In the previous video, we have understood what is a regression

analysis in order to deal with metric data or basically interval data.

We're going to dig deep more into regression analysis and

consider the different types of things we can do with regression analysis.

So, just to recap.

Under linear regression, we tried to measure the effect of your independent

variables, remember the xs, on your dependent variable, which is the y, and

then you have certain error terms, which are the es.

The first idea is to estimate the unknown or

the unobserved variables, A and B, which are the intercepts and that coefficients.

So, what method do you use in order to estimate these A and B terms?

Usually the most simple method is called ordinary least squares or OLS.

So, the idea behind ordinary least squares is to find the value of a and

b for which the sum of square of the inner terms, is least.

So the biggest concept is, how do you minimize the inners overall,

in order to capture the real effect of the xs on the ys?

Now, once you have these a and b terms estimated,

how do you go and dig deeper into these coefficients?

So first concept is to how do you assess the fit of the model.

That is how effectively have you captured the causal effect of the xs on the ys?

So this fit depends on a few things.

The most important thing is called the R square which is the amount

of variance of y which is explained through the regression and

in terms of those independent variables which are the xs.

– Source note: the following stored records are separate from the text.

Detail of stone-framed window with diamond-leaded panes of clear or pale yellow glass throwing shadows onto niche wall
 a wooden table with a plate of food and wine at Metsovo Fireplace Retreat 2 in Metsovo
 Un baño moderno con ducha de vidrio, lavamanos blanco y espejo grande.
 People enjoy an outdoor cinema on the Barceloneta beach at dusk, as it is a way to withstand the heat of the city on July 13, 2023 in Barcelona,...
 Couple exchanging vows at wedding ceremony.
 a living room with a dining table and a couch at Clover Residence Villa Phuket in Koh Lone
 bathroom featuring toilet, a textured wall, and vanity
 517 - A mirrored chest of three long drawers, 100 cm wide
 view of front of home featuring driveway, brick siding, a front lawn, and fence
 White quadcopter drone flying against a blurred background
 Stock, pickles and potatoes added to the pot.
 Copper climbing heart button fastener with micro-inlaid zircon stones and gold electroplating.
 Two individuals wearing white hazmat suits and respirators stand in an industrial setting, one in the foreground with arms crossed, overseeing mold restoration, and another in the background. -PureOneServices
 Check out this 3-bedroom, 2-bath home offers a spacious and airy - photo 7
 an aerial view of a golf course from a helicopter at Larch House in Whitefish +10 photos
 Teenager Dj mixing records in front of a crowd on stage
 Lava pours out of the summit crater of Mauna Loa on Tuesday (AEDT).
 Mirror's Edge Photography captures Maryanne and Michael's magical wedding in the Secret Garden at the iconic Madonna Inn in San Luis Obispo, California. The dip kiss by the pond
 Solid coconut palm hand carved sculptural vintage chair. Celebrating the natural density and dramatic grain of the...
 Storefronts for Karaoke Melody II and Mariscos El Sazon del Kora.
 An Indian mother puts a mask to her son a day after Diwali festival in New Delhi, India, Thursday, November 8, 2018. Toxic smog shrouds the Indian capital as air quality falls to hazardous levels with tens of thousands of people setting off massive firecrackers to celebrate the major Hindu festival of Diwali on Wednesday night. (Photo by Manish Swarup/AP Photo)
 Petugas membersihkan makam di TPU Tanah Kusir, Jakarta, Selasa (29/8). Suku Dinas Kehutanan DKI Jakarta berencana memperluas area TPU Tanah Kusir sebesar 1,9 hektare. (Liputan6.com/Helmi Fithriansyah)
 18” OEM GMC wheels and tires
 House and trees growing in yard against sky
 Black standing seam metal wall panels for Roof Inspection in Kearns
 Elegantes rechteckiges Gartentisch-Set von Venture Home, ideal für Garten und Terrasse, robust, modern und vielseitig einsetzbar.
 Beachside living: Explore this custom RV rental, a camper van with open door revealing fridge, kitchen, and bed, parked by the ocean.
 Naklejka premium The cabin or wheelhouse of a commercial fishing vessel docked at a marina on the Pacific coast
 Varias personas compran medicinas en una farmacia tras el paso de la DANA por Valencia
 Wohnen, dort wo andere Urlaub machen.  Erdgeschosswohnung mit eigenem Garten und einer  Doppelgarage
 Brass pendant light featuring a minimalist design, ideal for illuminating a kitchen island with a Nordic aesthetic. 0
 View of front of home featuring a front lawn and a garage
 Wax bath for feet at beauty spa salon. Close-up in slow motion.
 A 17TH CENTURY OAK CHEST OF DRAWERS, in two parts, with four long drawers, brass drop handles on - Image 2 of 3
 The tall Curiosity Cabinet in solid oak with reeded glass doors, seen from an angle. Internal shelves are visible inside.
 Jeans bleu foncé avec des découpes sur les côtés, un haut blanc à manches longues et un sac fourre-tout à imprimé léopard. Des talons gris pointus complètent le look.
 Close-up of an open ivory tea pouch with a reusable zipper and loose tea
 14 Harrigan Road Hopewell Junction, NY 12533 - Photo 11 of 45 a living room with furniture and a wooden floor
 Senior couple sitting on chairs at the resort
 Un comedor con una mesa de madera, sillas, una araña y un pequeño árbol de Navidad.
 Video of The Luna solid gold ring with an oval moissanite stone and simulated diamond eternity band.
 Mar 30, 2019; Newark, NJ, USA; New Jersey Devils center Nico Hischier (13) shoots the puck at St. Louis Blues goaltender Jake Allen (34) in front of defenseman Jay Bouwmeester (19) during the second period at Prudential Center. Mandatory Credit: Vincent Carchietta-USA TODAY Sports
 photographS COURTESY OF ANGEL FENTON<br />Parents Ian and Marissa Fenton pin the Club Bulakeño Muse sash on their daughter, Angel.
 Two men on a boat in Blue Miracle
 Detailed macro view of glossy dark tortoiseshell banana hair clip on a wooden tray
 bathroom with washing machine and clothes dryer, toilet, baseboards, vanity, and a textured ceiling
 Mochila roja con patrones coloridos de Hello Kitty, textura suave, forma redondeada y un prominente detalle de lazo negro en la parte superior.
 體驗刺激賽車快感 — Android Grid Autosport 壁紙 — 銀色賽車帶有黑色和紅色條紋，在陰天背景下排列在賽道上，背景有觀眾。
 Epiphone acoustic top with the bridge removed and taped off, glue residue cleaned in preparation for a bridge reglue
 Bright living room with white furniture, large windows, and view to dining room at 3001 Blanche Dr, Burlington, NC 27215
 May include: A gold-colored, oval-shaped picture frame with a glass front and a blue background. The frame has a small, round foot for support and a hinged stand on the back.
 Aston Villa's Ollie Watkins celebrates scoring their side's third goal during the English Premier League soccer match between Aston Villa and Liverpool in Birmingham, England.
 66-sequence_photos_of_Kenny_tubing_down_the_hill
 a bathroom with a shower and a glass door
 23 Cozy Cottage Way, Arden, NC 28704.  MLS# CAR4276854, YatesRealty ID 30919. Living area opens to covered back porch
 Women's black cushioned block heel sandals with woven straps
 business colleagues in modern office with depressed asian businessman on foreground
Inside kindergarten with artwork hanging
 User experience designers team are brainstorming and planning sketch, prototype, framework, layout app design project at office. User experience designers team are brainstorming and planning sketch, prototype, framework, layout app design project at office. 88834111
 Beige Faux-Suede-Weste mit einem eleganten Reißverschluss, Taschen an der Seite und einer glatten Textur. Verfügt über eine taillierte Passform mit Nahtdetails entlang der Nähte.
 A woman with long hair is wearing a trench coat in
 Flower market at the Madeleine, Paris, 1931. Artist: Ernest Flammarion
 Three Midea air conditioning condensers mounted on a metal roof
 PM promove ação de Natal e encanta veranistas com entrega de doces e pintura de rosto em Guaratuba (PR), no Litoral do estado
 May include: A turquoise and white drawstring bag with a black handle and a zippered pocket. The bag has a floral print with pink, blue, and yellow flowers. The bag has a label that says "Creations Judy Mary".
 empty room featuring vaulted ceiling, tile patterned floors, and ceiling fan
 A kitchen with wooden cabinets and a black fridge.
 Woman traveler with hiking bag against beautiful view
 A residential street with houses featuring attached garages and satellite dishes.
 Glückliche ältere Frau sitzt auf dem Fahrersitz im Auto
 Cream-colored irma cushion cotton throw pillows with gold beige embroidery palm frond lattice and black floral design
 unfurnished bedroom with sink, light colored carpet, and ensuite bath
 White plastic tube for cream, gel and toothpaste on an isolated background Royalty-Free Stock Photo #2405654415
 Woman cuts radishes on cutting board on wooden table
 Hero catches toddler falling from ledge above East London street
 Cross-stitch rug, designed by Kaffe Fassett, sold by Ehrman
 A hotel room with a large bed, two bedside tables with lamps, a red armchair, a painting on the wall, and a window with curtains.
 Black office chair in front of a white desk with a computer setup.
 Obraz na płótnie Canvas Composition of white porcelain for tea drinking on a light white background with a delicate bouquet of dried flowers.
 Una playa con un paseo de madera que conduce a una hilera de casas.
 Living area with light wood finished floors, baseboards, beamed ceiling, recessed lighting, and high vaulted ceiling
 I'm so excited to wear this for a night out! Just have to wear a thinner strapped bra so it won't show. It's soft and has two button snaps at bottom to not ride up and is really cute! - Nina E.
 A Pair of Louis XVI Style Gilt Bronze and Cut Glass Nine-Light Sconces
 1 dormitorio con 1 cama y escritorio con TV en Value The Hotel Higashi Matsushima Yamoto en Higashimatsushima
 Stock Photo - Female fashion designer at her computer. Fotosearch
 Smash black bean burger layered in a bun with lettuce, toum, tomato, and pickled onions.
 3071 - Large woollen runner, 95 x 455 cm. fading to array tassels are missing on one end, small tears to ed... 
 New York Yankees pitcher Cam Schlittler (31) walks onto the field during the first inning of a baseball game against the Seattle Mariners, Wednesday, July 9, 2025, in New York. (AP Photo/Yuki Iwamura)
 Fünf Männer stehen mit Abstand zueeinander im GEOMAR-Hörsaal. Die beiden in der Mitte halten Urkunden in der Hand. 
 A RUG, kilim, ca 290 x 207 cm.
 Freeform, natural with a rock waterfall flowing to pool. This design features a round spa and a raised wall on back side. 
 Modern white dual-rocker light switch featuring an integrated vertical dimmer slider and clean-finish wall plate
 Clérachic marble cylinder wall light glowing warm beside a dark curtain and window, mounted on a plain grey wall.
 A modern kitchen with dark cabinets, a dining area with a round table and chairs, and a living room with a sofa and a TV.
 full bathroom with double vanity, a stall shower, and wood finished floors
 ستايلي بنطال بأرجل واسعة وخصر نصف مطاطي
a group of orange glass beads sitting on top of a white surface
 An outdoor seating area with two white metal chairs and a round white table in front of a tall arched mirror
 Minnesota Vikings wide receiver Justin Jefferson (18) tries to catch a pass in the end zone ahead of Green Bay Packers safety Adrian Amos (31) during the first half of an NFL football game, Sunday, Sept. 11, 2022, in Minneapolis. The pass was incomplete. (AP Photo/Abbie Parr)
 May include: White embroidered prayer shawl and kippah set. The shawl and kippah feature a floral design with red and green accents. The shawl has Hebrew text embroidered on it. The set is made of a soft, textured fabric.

Usually R squared takes the value between 0 and 1 and

R square increases when adding an independent irrelevant variable

over the set of variables which you already have.

Of course, the more variables you have as your independent variables,

you expect the model to fit better.

Unfortunately, there might be situations of overfiting

the data when you have some irrelevant independent variables.

Also it's important to look at how your predictive accuracy in the model

is and in terms of your R square,

whether you can predict the model better with more set of independent variables.

So how do you do predictions?

Once you know the as and bs we can predict ys for any set of values of x.

How do you do that?

So basically let us again think about the regression equation which is y and

then you have in terms of all the independent variable, xs and then error term.

Basically what prediction does is you try to predict how changing one or

two values of the xs affects your ys.

Why do you do predictions?

Mainly because you want to know how does your model do out of sample.

That is, how well does your model predict observations which are not

there in your sample which is out of your estimation sample.

Usually, what we do in case of out of sample predictions,

is use a hold out sample, and compare the predicted values of the dependent

variables with the actual values.

You can also use prediction to understand a what if analysis.

So, basically for example,

what will be the sales of y when we set the prices of x to a certain level?

The third use of prediction analysis is to understand optimization.

That is again for example, what price or price range of excess

are expected to give you certain level of sales or certain level of profits?

The third use of predictions is for hypothesis testing.

So, remember for categorical data, we only talked about how to do hypothesis testing.

Again for metric data,

we didn't want to know what do you do in order to test your hypothesis.

So again, let's look back into the regression equation,

that is y as a function of your xs and also your a and

b which are your coefficients and your intercept.

Now the question is the hypothesis testing is going to measure whether

there's a statistically significant effect of an independent variable,

which is your x, on your dependent variable which is your y.

For example, let's think about x as price and y as your sales.

In this case,

your null hypothesis again is going to be one where you do not expect any effect.

That is, your coefficient, maybe your b is equal to 0.

You usually use a T statistic that is the statistic from a T distribution

in order to measure this hypothesis testing.

And with certain degrees of freedom.

So basically again, your degrees of freedom measures how many

independent terms you have compared to the number of observations you have.

You also have to measure the standard error of this coefficient.

Finally, as we talked about earlier for categorical variable,

we have to evaluate the p value based on the statistic.

If the p value is really small, that is less than your degree of significance.

Remember the alpha we discussed, you reject the null and so

you conclude that there is evidence of a causal effect of the x variable on your y,

and the effect is significant.

There are certain issues, however, with linear regression,

which you have to be careful when running this kind of a model.

First one is multicollinearity.

What is multicollinearity?

When independent variables are correlated with one another, then including

all these independent variables together might actually lead to biased results.

So, that's why you have to be careful that your independent variables

are not multicollinear.

Second, in this case, you have to delete independent variables,

which are probably very much correlated with one another.